• **Exercise input**
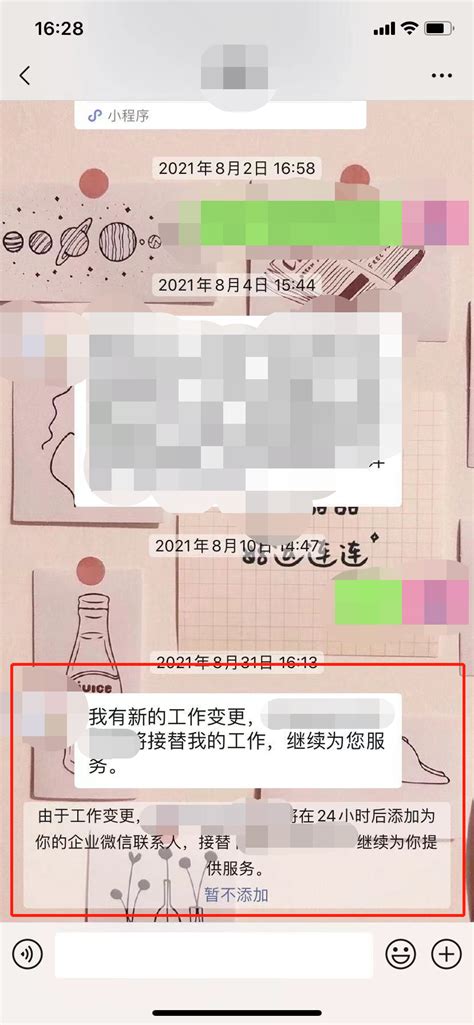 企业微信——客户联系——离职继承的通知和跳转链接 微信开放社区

* * *

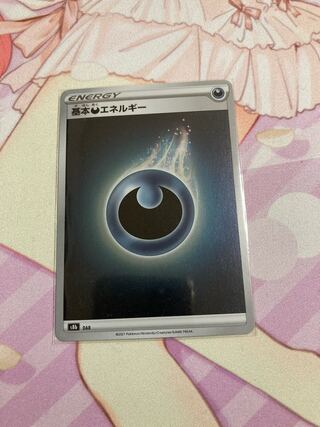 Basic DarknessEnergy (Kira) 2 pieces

---

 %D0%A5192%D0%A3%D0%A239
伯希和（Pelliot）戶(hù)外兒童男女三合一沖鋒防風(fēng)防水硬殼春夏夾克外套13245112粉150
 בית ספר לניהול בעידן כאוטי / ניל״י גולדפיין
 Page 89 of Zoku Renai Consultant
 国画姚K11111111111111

• **What the task requires**
Copy verbatim, from the listing above, each line from the one containing "בית ספר לניהול בעידן כאוטי / ניל״י גולדפיין" down to the one containing "国画姚K11111111111111", inclusive.

• **Answer to the exercise**
 בית ספר לניהול בעידן כאוטי / ניל״י גולדפיין
 Page 89 of Zoku Renai Consultant
 国画姚K11111111111111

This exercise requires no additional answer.